Careers are a marathon, not a sprint, and every new job or byline or whatever-it-is-your-industry-uses-to-measure-achievements simply presents more experiences and chances to grow. I mean, hello, Betty White is over 90 and she's still working every day, thank you.

Stop for a minute and recognize what you've done

Here's a fun fact: If you're getting money to do the thing you love, that's a pretty big deal.

I don't even mean in terms of supporting yourself. If you're working a full-time job that you hate but still helps fund your dreams, that's an accomplishment. Carving out time to do something that means a lot to you is an achievement in and of itself.

When I first started writing, I didn't know when to call myself a writer. At the time, I was still working part-time, still trying to get a communications degree and earning maybe $100/month. But a friend reminded me that technicalities don't matter. I only really learned that after I quit school and my job and ended up in piles of debt because I didn't believe I could still be chasing my dreams if I took my time.

Don't compete

It's important to remember that everybody is very preoccupied with themselves, and nobody is looking at you.

I don't mean that in a mean way. I mean that while you may be using your friends' accomplishments as a bar you're expected to leap over, they're likely just focused on what they have to do next. It's easy to fixate on what everyone else is up to and how you pale in comparison, but subscribing to that is only going to lock you into a cyclical, unhealthy mindset of self-doubt.

Plus, you don't know other people's stories. You don't know how long it took them to get to a certain place, or what they've been through to work with the mindset they do.

Their success doesn't mean you're destined to be a failure: Success isn't a bar only a certain number of people can get into every night.

Success is subjective and ever-changing and no one specific thing. If this were "X-Men," success would by Mystique. To you it's a blue leotard, and to somebody else it's Peter Dinklage.

Don't complain

There are many things worse than hanging with someone who never seems to be happy, but for the sake of this piece let's say doing that is The Worst Ever. We've all been on the receiving end of somebody going on about what they don't have when you're, say, really psyched to have been able to afford to put gas in your car this week.

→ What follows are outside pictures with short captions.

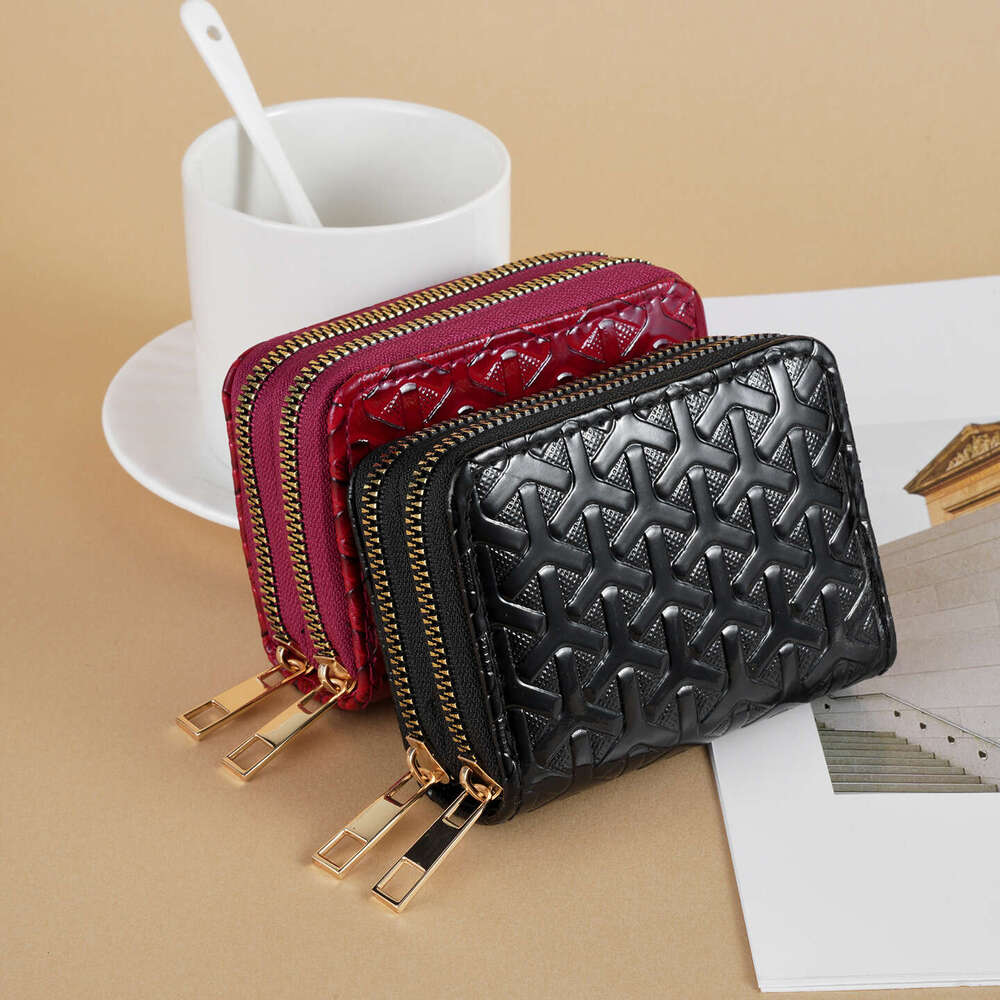 Luxury fashion wallet New Women S Wallet Short Style Multi Card Slot Double Zipper Versatile Fashionable Solid Color Herringbone Pattern Coin Purse An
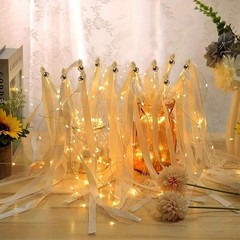 30 Pack LED Light Up Ribbon Wands Wedding Bell Party Favors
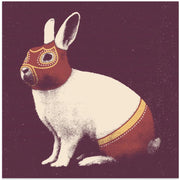 Lapin Catcheur Square Canvas Art  Florent Bodart 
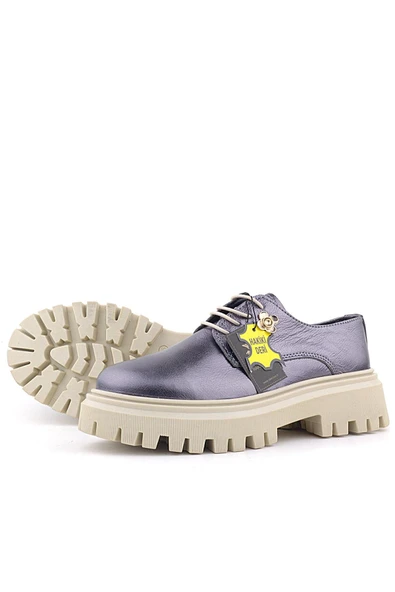 Rakerplus Platin Hakiki Deri Çiçek Detaylı Bağcıklı Oxford Günlük Ayakkabı - Resim 6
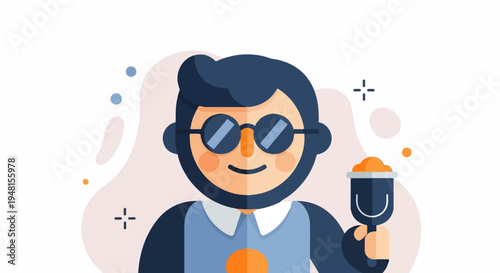 Cartoon man with glasses and microphone holding a drink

Then it gets worse and what they're complaining about is a thing you'd do anything for.

So check yourself. If you're wandering down the road of, "Here's what I don't have, and that's what matters," stop. Now.

For starters, complaining isn't going to get you that thing you want, but your distorted standards may be coming from a real place of privilege you're not being sensitive to. Also, complaining is pointless and super annoying. Stop it.

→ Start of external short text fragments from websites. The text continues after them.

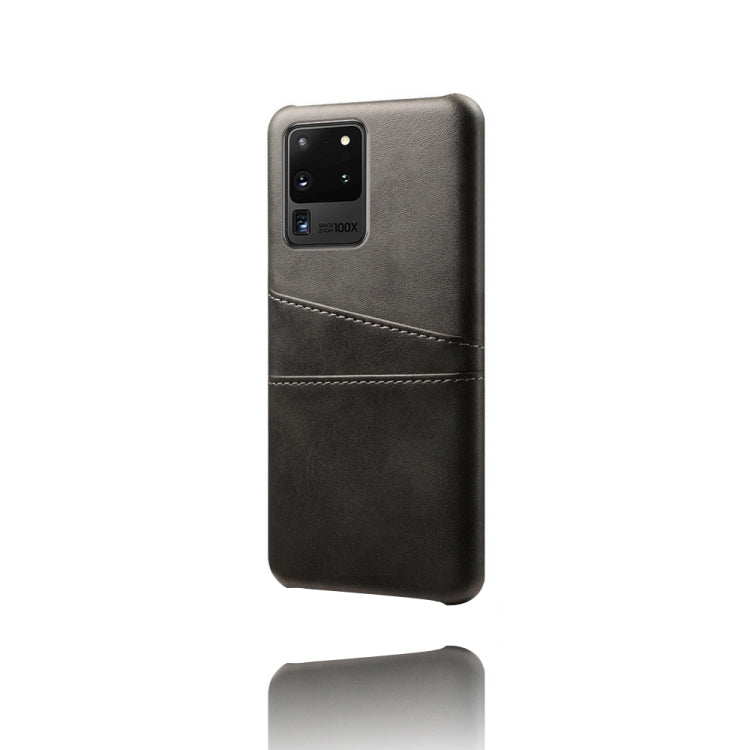For Samsung Galaxy S20 Ultra Calf Texture PC + PU Leather Back Cover Shockproof Case with Dual Card Slots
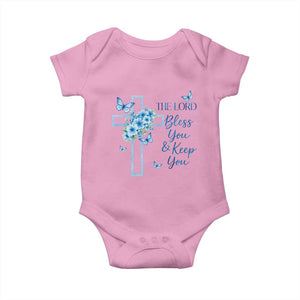 Christian Jesus Baby Onesie The Lord Bless You Encouraging Bible Verse Butterfly Art TS10 Light Pink Print Your Wear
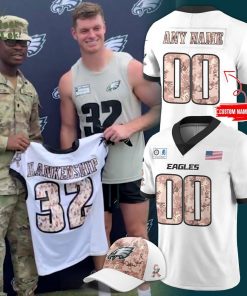 Men’s Philadelphia Eagles White 2025 Military Appreciation Day Jersey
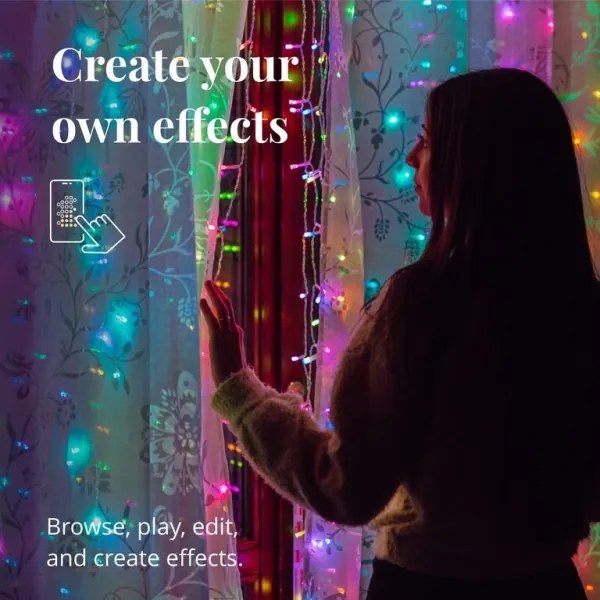 Twinkly TWW210SPP-TEU - LED RGB Tenda natalizia per esterni 210xLED 6,1m IP44 Wi-Fi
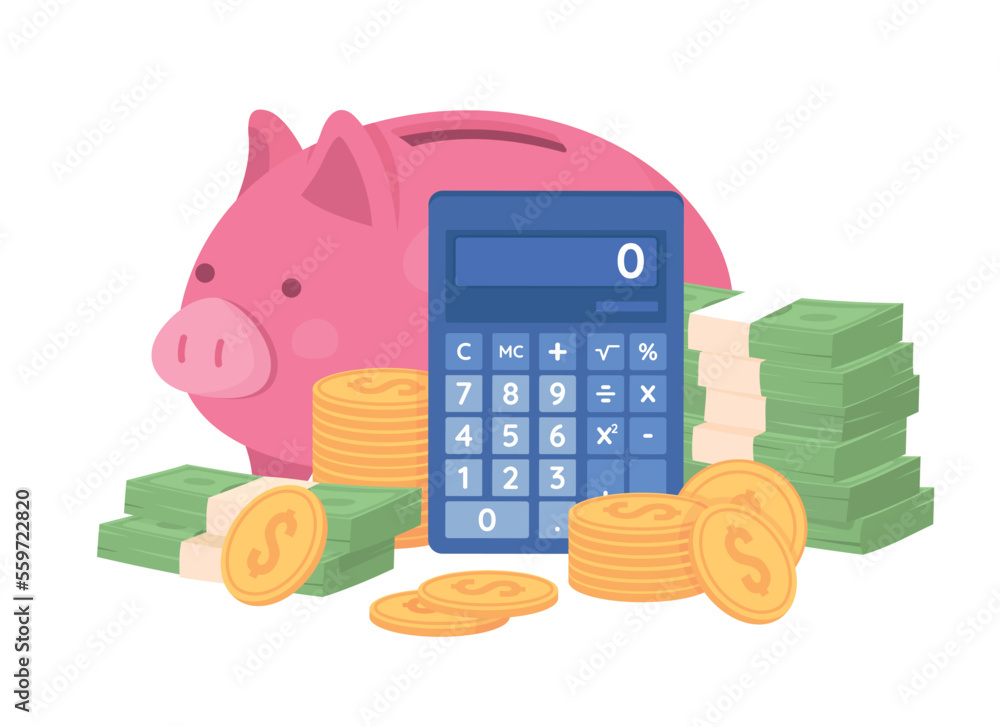 Poster control personal finance semi flat color vector objects. editable elements. items on white. budget o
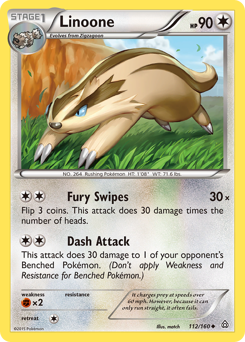 Linoone z edície Primal Clash, karta č.112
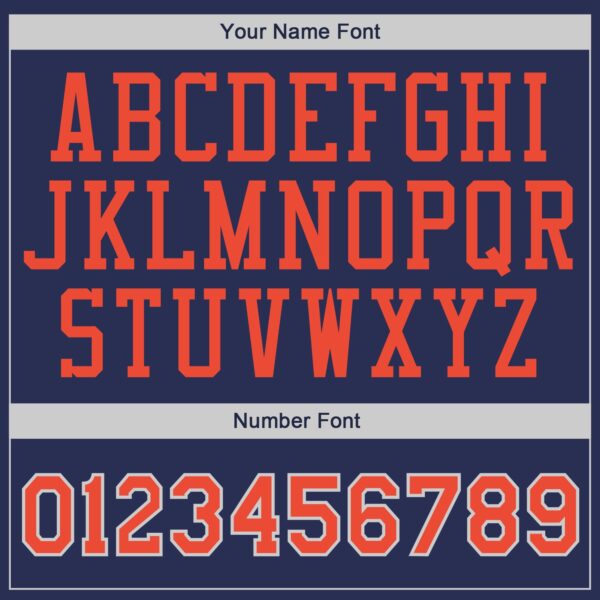 Custom Navy Orange-Gray Authentic Throwback Basketball Jersey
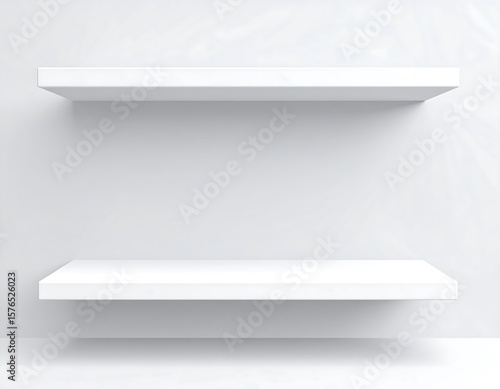 Empty white shelves against a light background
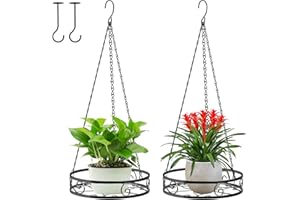 Qiaomeiysp 2-Pack Hanging Planters for Indoor Plants - Heavy Duty Metal Plant Hanger Indoor with 3 Chains and Hooks – Aesthetic Hanging Plant Holder for an Instant Gardening Decor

Remember why you're doing what you're doing

So, why are you doing this, again? That's an awesome question to ask whenever you find yourself spiraling. Even if it means pulling yourself out of an email wormhole or taking a second to refill your water bottle away from your desk, ask yourself why you're here.

If you were a teen and could look at your grown-ass self, would you be proud? Are you doing the thing you set out to do? Are you at the very least taking the steps to do the thing?

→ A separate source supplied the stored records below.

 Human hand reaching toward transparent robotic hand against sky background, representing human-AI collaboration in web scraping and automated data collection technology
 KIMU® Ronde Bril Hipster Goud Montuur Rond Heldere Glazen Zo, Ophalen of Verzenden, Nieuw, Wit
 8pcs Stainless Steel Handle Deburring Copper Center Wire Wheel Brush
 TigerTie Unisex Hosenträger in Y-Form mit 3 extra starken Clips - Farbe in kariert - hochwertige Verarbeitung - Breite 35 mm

If you're even trying your best, you're doing a pretty good job.

Paint that above your desk and look at it whenever you start worrying about Twitter followers or likes or anything that isn't, say, when Harry Styles will finally release his solo album.

So remember: Success isn't an Ikea bookshelf with steps you have to follow to assemble it. Unlike Swedish furniture, your job won't fall apart if you go about it your own way. Work hard, be a kind person, and trust your gut feelings. And keep your eyes on your own paper.

Anne T. Donahue is a writer and person who lives just outside of Toronto and is currently wearing a Leonardo DiCaprio enamel pin.